Z KUŞAĞI ÜZERİNE
Gençlerle ilgili konular her zaman dünya ve ülke gündeminin ilk sırasında: İfsat komitelerinin planlarında, medyada, ekonomide, aile-dost sohbetlerinde…
Çünkü onlar geleceğimiz.
Her yetişkin, her anne baba gençlik dönemini yaşamıştır. O yüzden çok rahat söyleyebiliriz: Genç olmak zor ama gençlerle ilgilenmek onların anne babası olmak da zor. Zorlukları kolaylaştıran ise Rabbimizin yardımıyla bilgi. Temenni edelim ki bu konuda yapacağımız her gayret farkındalığımızı artırsın.
“BEN” DEVRİ
Bediüzzaman Hazretleri bu asrı “bedbaht ve hastalıklı bir asır” olarak tanımlıyor. “Gafil ve maddi asır” diyor. Beşinci Şua’da ise asrın “hevesat-ı müteaffine bataklığı” yani kokuşmuş hevesler bataklığı olduğunu belirtiyor.

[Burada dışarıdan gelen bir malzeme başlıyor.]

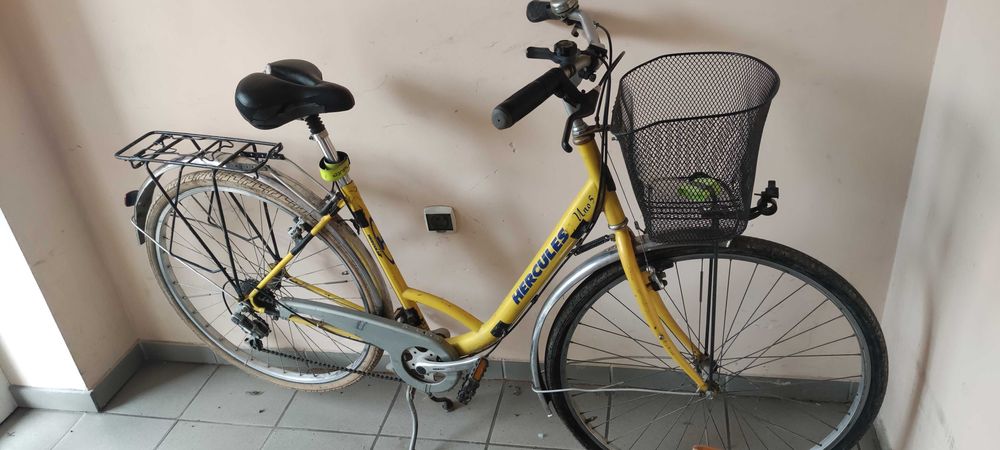 Solidna damka Hercules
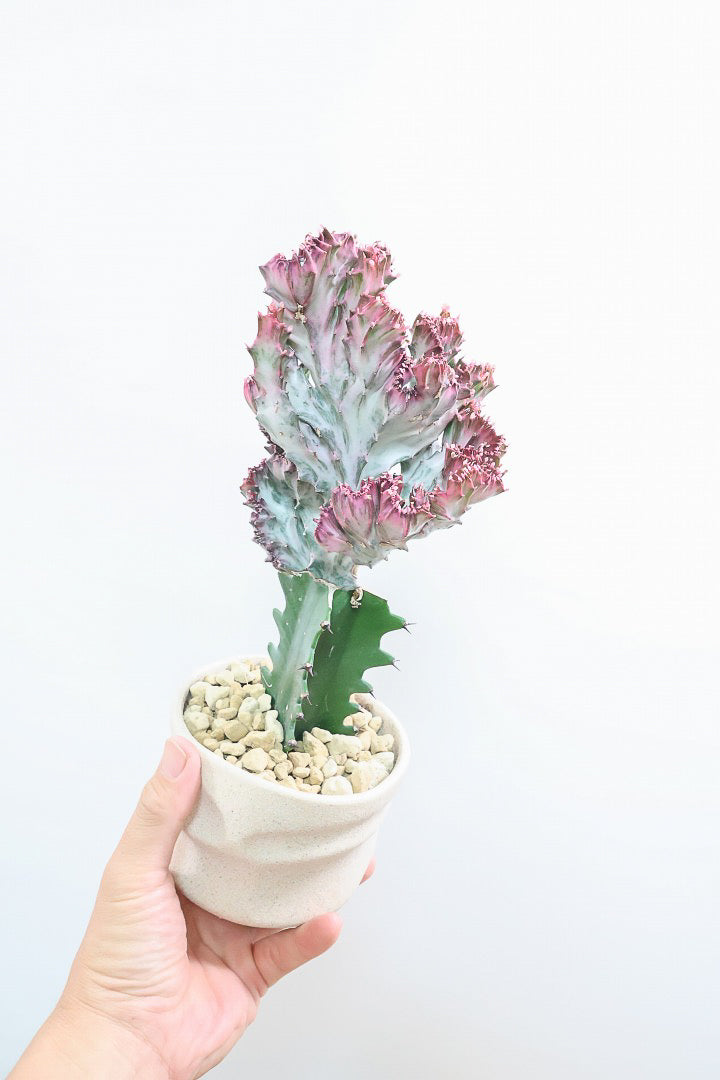 【ユーフォルビア マハラジャ】かわいいミニサイズで明るい葉色が素敵!接ぎ木タイプなので育てやすい!個性的なフォルムなのでインテリアにもピッタリです!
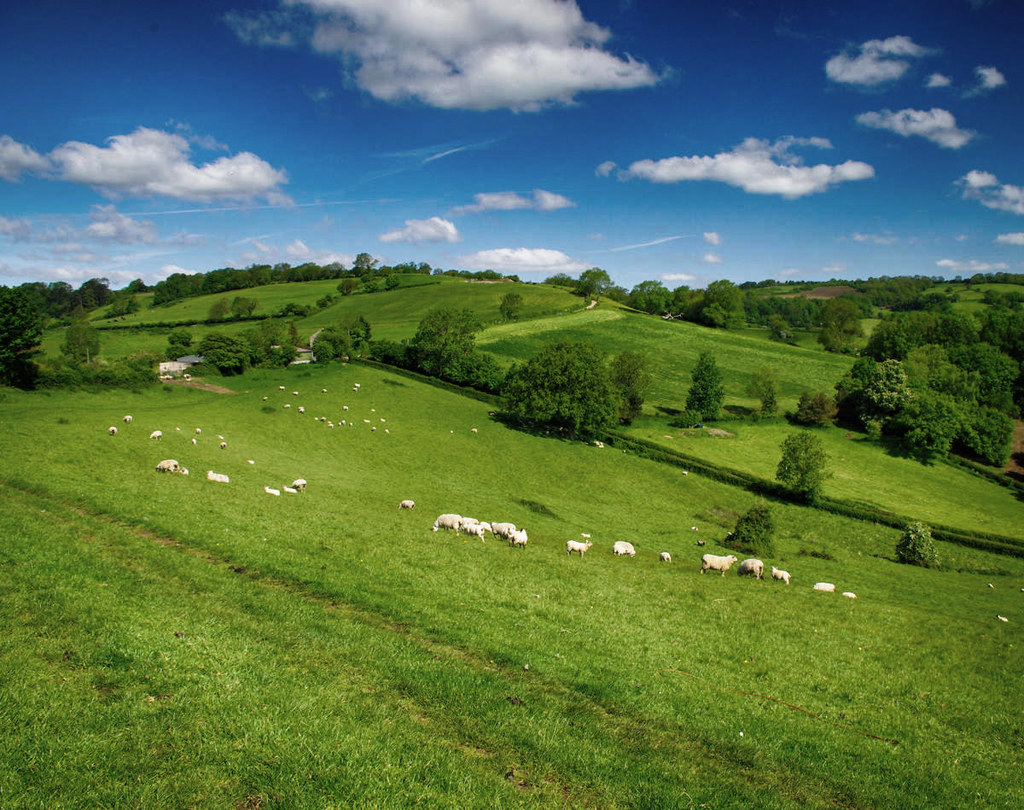 The Cotswold Way. Credit Artur Kozioł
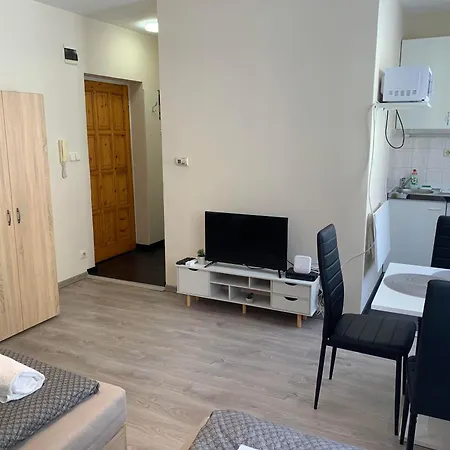 Silver Shine Apartment *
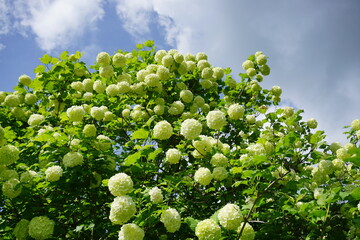  Viburnum opulus - coral viburnum a species of ornamental shrub - selective focus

Bu asrın en büyük hastalığı “Bilerek ve severek dünya hayatını ahirete tercih etmek”
Böyle bir ortamda kendimizi, çocuklarımızı, gençlerimizi nasıl kurtaracağız?
Risale-i Nur Külliyatı çözüm açısından büyük bir hazine. “Cazibedar bir fitne içinde bulunan ve daha aklını kaybetmemiş gençler için telif edilen Gençlik Rehberi ise nefis terbiyesi için gerekli eğitimi verdiği gibi ifsad komitelerinin planlarını da bozmakta.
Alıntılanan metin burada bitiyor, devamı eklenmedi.